The “Cold Firm” derby between ICT and Ross County began only twenty years ago, when the Inverness team were formed by a merger of two of the city’s football clubs: Caledonian and Inverness Thistle. Those two teams had themselves been rivals in the Highland League, but were amalgamated under the guidance of the Highland Council who were looking to gain a representative for the Highlands in the Scottish Football League for the first time as two new places became available because of league reconstruction. This new team, Inverness Caledonian Thistle, were elected, but so too were a team familiar to them as former Highland League adversaries from only 13 miles away: Ross County.

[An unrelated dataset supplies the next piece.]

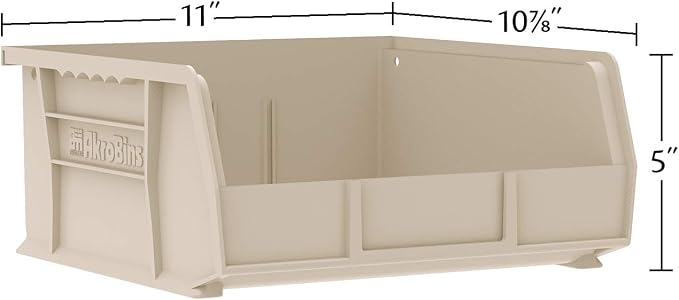Akro-Mils 30235 AkroBins Plastic Storage Bins, 11"x11"x5", Red, 6-Pack | Space-Saving Stackable Bins for Garage, Pantry, Craft Organization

The Highland League rivalry between Caledonian and Thistle might well have been stronger than that of Ross County’s with their chosen adversary Caledonian. The old County / Caley derby came and went in fits and bursts, generally only when both sides were fighting at the precipice of the Highland League such as in the late 60s, early 70s and in the 90s. The Inverness teams though were undoubtedly up against each other, fighting for supremacy of the city alongside the occasional challenge from Clachnacuddin. Despite their rivalry though, the boards of both clubs decided that they should answer the Council’s call and join forces to bring senior league football to the Highland capital. The merger between the two teams was a decision that many supporters of both Caledonian and Thistle decried and couldn’t believe. Thistle fans felt particularly hard done by; losing their traditional home ground in the process. They were now sharing their team with the enemy. This paved the way for many disenfranchised Invernesians to look across the Kessock Bridge for a football team to support that wouldn’t treat them this way. Many of Ross County’s current supporters now hail from Inverness and it was claimed that in their first season in the SPL that there were more Ross County season ticket holders from Inverness than ICT had. Whether this claim was true or not has never been substantiated, but the rumour certainly would appear to have some basis in fact. The bitterness of the Inverness club’s formation is still a bone of contention between fans today.

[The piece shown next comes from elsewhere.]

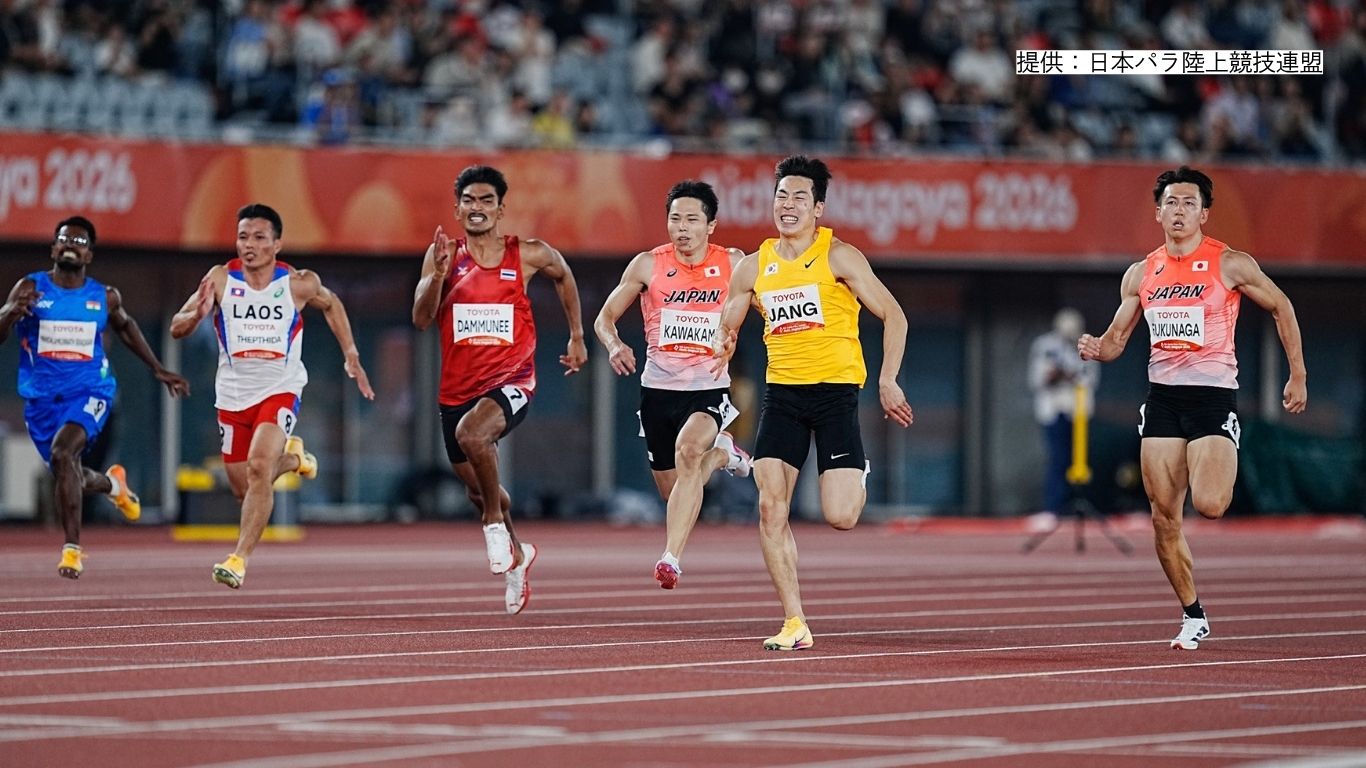 2位と0秒05差でフィニッシュ…川上秀太選手（提供：日本パラ陸上競技連盟）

As both Highland sides entered the Third Division their derby was formed from the old one between Caledonian and Ross County with the added spice of Invernesian fans opposing their old teams’ new form. Crowds for even the first Highland Derbies were exceedingly good for the Third Division, with both clubs’ average attendances of between 500 and 1500 being at least doubled if not more when the derby came around. There was an atmosphere about the games that proved that the rivalry between the teams wasn’t just conjured up because the teams needed one but that it was genuine. Although games between the two teams didn’t necessarily flaunt the finest technical ability that Scottish football had to offer – they were generally interesting affairs.

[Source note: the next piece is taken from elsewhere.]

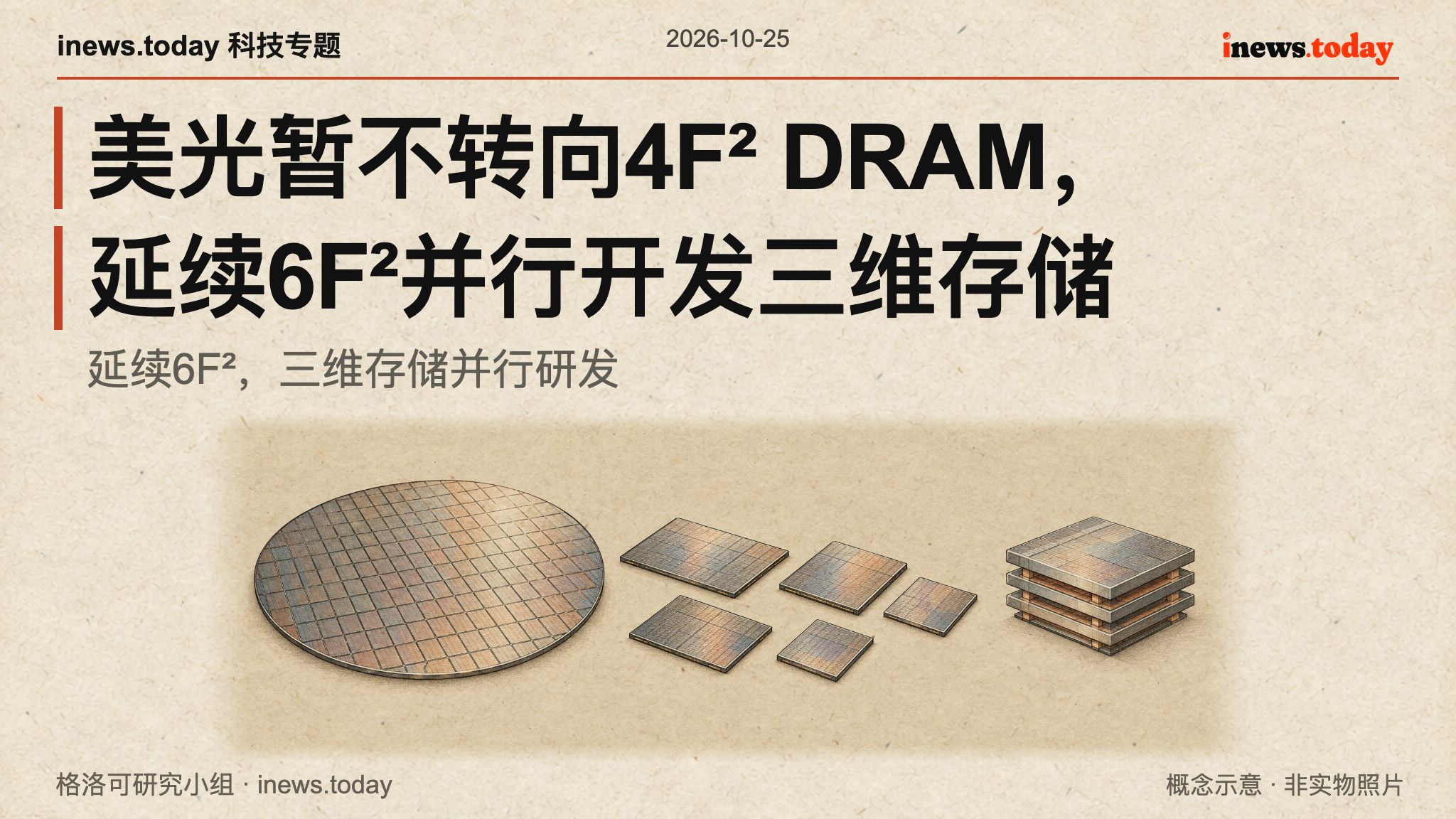 平面存储芯片与抽象堆叠芯片并置,表现并行研发方向,概念示意。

These features of the Highland Derby still ring true today as both clubs face each other in Scottish football’s highest echelon. Matches between the two sides still attract some of the highest attendances for both clubs of the season. The fixture is now regularly picked up by broadcaster BT Sport to be televised nationally and has a habit of being a high-scoring affair for the cameras, at least when the floodlights stay on.